Not sure how many lines of the code it will save.... let me try that... will see if it's any better

615

I don't think it will make any difference in this particular case. No problems to change to Instruction*

629

In addition to NaryReassociate there is Ressociate pass. I want the name to clearly point to NaryReassociate pass. Using "reassociate" seems too long for me...

llvm/test/Transforms/NaryReassociate/nary-smax.ll
1

Ok

mkazantsev added inline comments.Dec 4 2020, 4:10 AM
llvm/lib/Transforms/Scalar/NaryReassociate.cpp
334

I still think it would be useful, these lines copy-paste over and over.
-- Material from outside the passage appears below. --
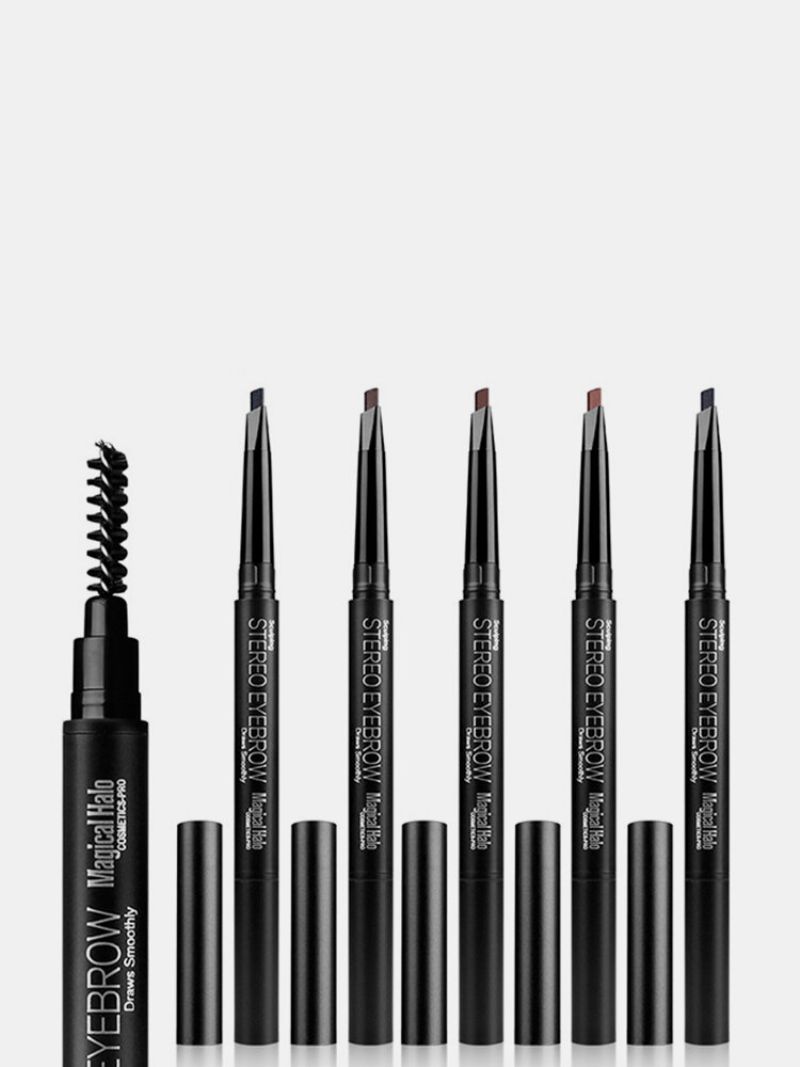 Magisk Halo Eyebrow Pencil Liner Vanntett Eye Brow Pen Kosmetisk Sminkeverktøy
llvm/test/Transforms/NaryReassociate/nary-smax.ll
1

Still actual.

ebrevnov updated this revision to Diff 326312.Feb 25 2021, 12:31 AM

Addressed comments

mkazantsev accepted this revision.Feb 25 2021, 3:04 AM

LGTM

llvm/lib/Transforms/Scalar/NaryReassociate.cpp
315

{ } not needed

This revision is now accepted and ready to land.Feb 25 2021, 3:04 AM
ebrevnov added inline comments.Feb 25 2021, 3:13 AM
llvm/lib/Transforms/Scalar/NaryReassociate.cpp
315

will remove before commit

This revision was landed with ongoing or failed builds.Feb 25 2021, 3:23 AM
This revision was automatically updated to reflect the committed changes.
RKSimon added inline comments.
llvm/lib/Transforms/Scalar/NaryReassociate.cpp
595

@ebrevnov uint is an unknown type on most targets - breaking buiilds - just use int ?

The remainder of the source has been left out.